I Found a Book

“There are places one can go, I suppose,” I said, my eyes wandering around the cafe. “But I like it here.”

I tried to force a smile, but it wouldn’t happen. The lovely girlish form sitting across from me pouted.

“Really,” she said with an exasperated huff. “What’s the point of living if you’re going to entomb yourself with all those books? Don’t you ever have any fun?”

“I tried having fun once,” I said, paraphrasing a half-remembered joke. “Didn’t like it.”

The reference was lost on her.

“How can you not like having fun?”

Now I did smile.

“I was joking, dear. I do have fun, just not the fun you have. If I followed your suit, I’d be very miserable indeed, and I have no doubt you’d recoil at the idea of spending a year locked away with some old, untranslatable manuscript from the middle east; but I suppose I did translate it, maybe. Maybe I’ve just gone insane.”

“I never know what you’re talking about,” she sighed.

“You were from the twenties, right?” I asked after a suitable pause.

At first she sat up, her eyes opening wide, then, slowly, a smile crept over her lips.

“How’d you know?”

“Accent, things you talk about now and again. Or maybe that’s an act. You’re cleverer than you like to let on, I know. Me, I’m from the nineties. So, technically, you’re older than I am, but I’m…”

“You’re old,” she said. “Grey.

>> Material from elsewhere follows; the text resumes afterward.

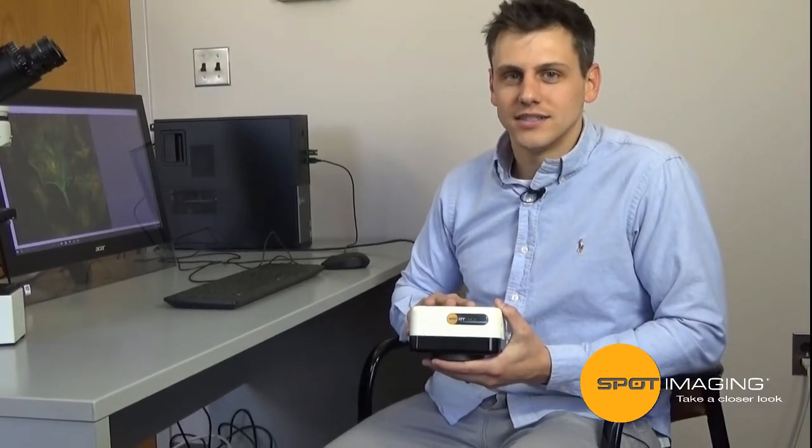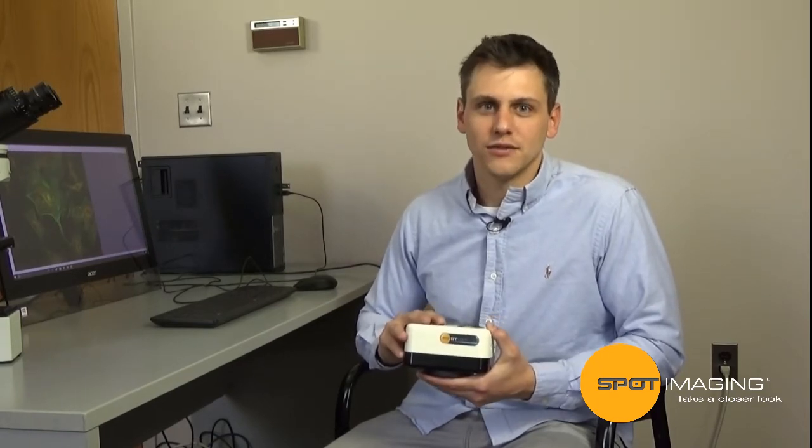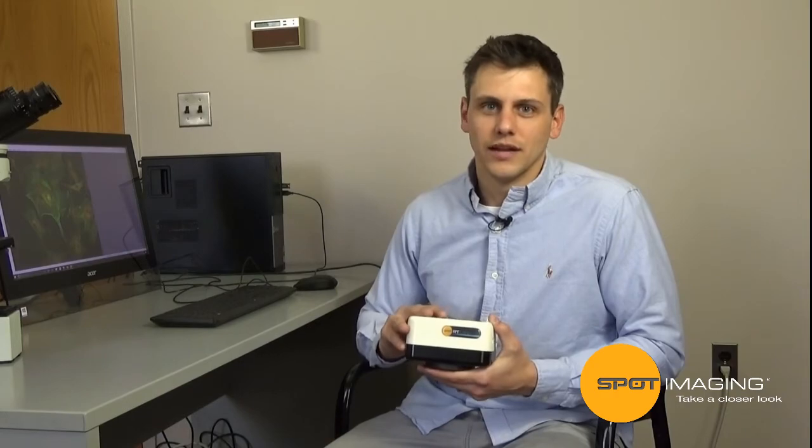Hi, I'm Mike Shimula, a design engineer here at Spot Imaging, and today we're going to take a closer look at the all-new Spot RTS CMOS camera. In this video, I'll show you why this camera is the best for your fluorescence and low-light applications.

Thin on the top.”

“And you still look like you’re barely sixteen.”

“What do some seventy years mean when we deal in thousands?”

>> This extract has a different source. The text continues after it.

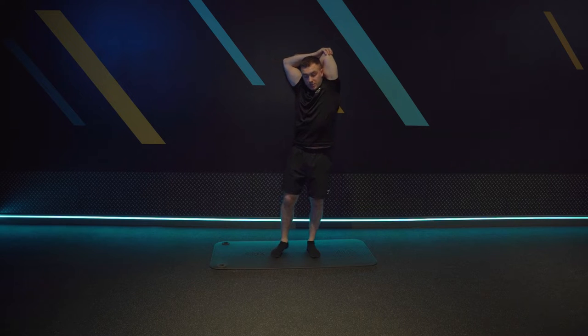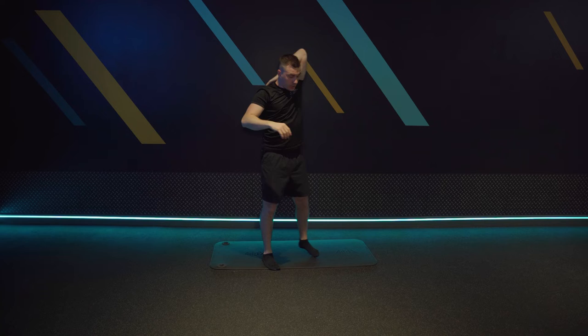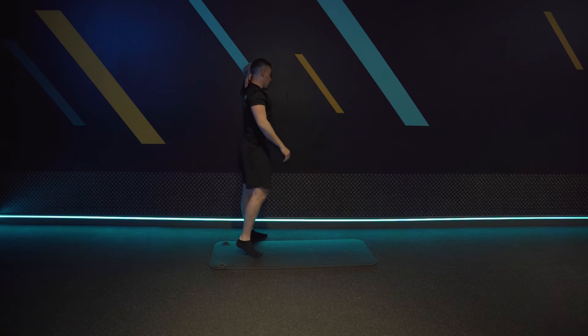Now if you struggle with this and can't quite get your elbow into position to do both, what you can do is lean against the wall just to get the stretch in.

“I know, but the others are all young, like you. Me, I’ve always been old,” I mused. “I was born old, in a sense. You get to live an eternity in the flower of your youth, and I get to live in the perpetual winter of…” the word despair was on my lips. That was how I’d learned of my immortality, an attempt at an early death.

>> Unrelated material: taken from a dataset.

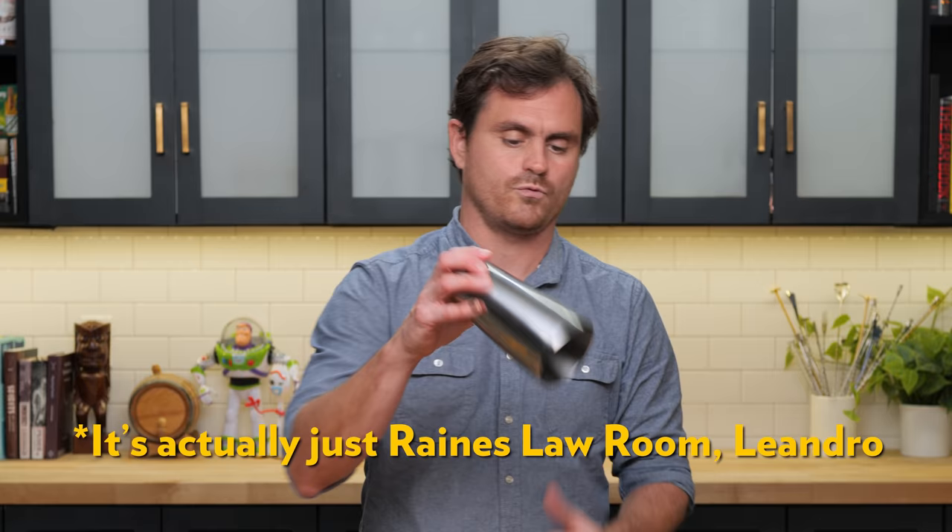Let's get into making the cocktails. Today's cocktail was created by New York City bartender Megan Dorman for the Raines Law Room.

“Listen, that doesn’t matter. I’ve been wanting to see you.” She perked up at this. “Any of you,” I added, and she deflated. “I’ve found an old book, very old.” Her eyes rolled. “It’s about us, our kind.” Her eyes met mine.

“About me?” she asked.

“Older than that, dear. Maybe Frank would be old enough to know, but we’re talking fifteenth century, some dialect similar to Arabic. Maybe older. That’s just the copy I had. There were so many strange words in it, not Arabic, if I could tell.” Her head tilted in an adorable little way. I forced myself to remember her clawing the heart out of that young man and eating it. “I mean,” I continued, “that it was probably a translation from some other language and that the unfamiliar words were left in because they either couldn’t be translated or…”

“Or what?” she asked.

“Or it’s not just the words, not just their meaning, but their sounds. I think, you see—there’s these long passages of untranslatable gibberish with clean Arabic in the margins—I think the bits I can read are the notes. The body of the text, I think it’s trying to use the other language, as if there were power there in some of the words.”

“Power?” she bit her lip. “To do what?”

“To call up the dead,” I said, “to change fate, or to make a man immortal.” And, and I did not add this, I thought it might be the key to make an immortal mortal again.

She licked her lips.

“That would be…” she searched for the right words. “Lovely.”